= AVAILABLE DATA =
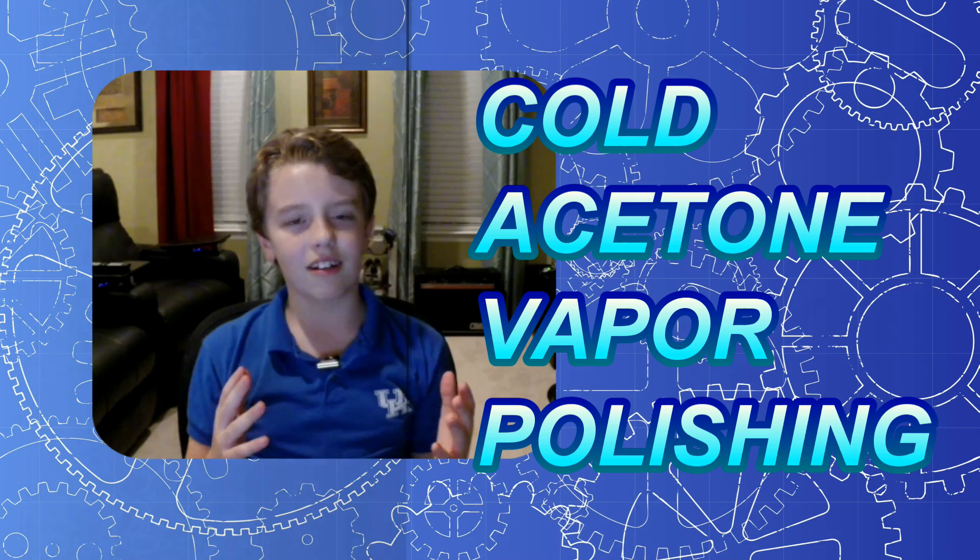So today we learned how to chemically polish 3D parts. We learned that acetone is a great solvent for ABS plastic and 3D printed parts, and it is important that it will not overheat causing it to sag. If you enjoyed this video, please subscribe for more fun projects and inspiration.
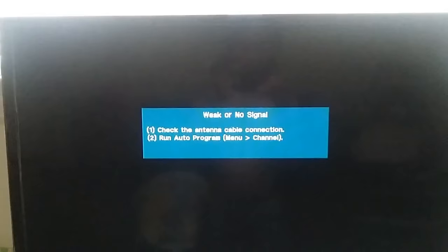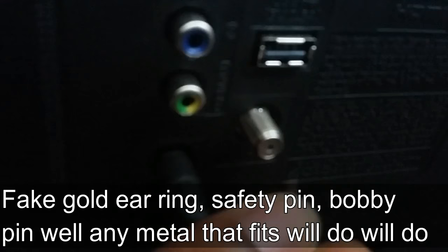How to fix your TV with no antenna or cable, and it's absolutely free. All you need is one of these — a fake gold component in the back of the TV.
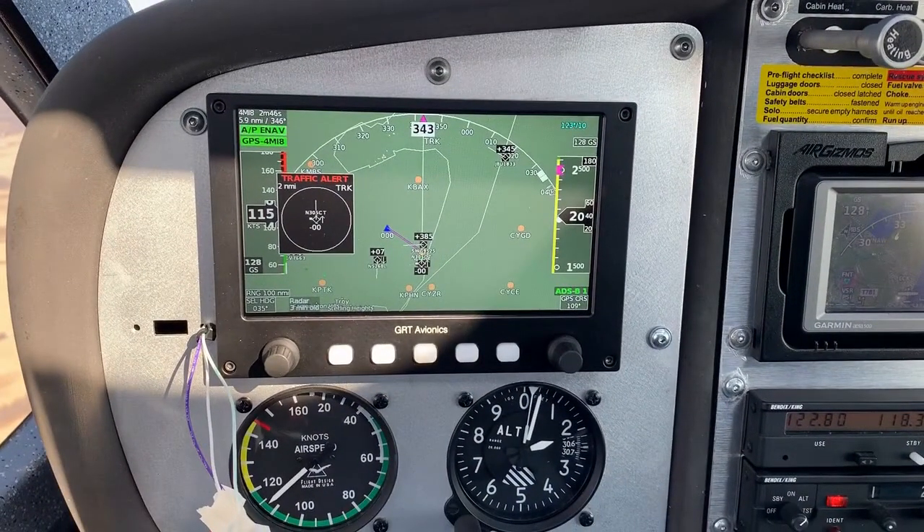Here we are on the full map view. The traffic alert is detecting myself — it shows my tail number, direction of flight, altitude, and difference. The upper right shows 123 degrees at 10 knots, which is the wind speed calculated from the difference between GPS speed and the pitot-static system — a handy bit of info to have in flight. The lower right is the ADS-B status: it's green and I'm receiving from two ground towers. The lower left shows radar three minutes old with no precipitation or weather to show, but confirming I'm receiving weather information. The upper left shows I'm navigating via GPS to 4MI8, my home airport, with distance and direction to destination.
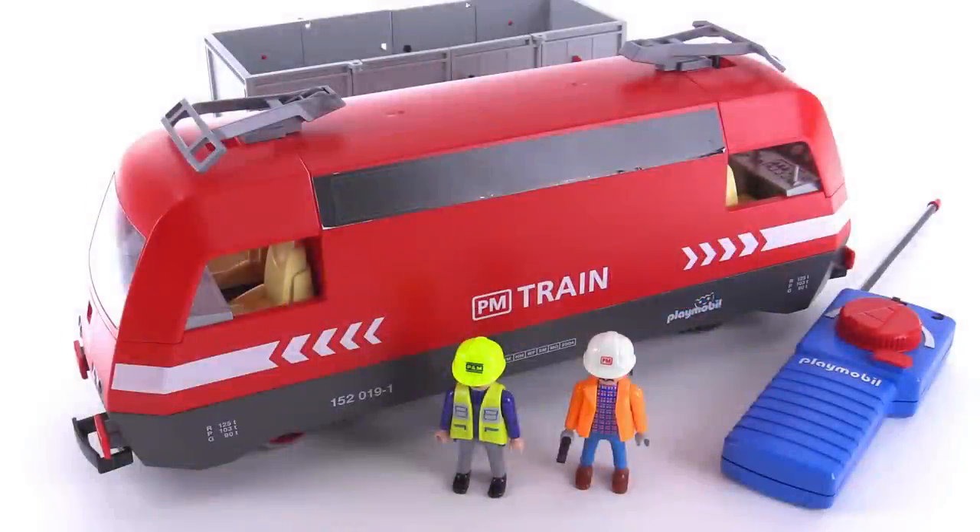All aboard! It's Jang here with a look at a Playmobil train set that I got used. This was set number 4010 called RC Cargo Train with Light — that's the biggest consensus that I've gotten out of the online resources I've seen.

= EXERCISE INSTRUCTIONS =
Print nothing but the lines above starting with the line that contains "How to fix your" and going on through the line that contains "Here we are". Leave out the pictures.

= TASK RESPONSE =
How to fix your TV with no antenna or cable, and it's absolutely free. All you need is one of these — a fake gold component in the back of the TV.
Here we are on the full map view. The traffic alert is detecting myself — it shows my tail number, direction of flight, altitude, and difference. The upper right shows 123 degrees at 10 knots, which is the wind speed calculated from the difference between GPS speed and the pitot-static system — a handy bit of info to have in flight. The lower right is the ADS-B status: it's green and I'm receiving from two ground towers. The lower left shows radar three minutes old with no precipitation or weather to show, but confirming I'm receiving weather information. The upper left shows I'm navigating via GPS to 4MI8, my home airport, with distance and direction to destination.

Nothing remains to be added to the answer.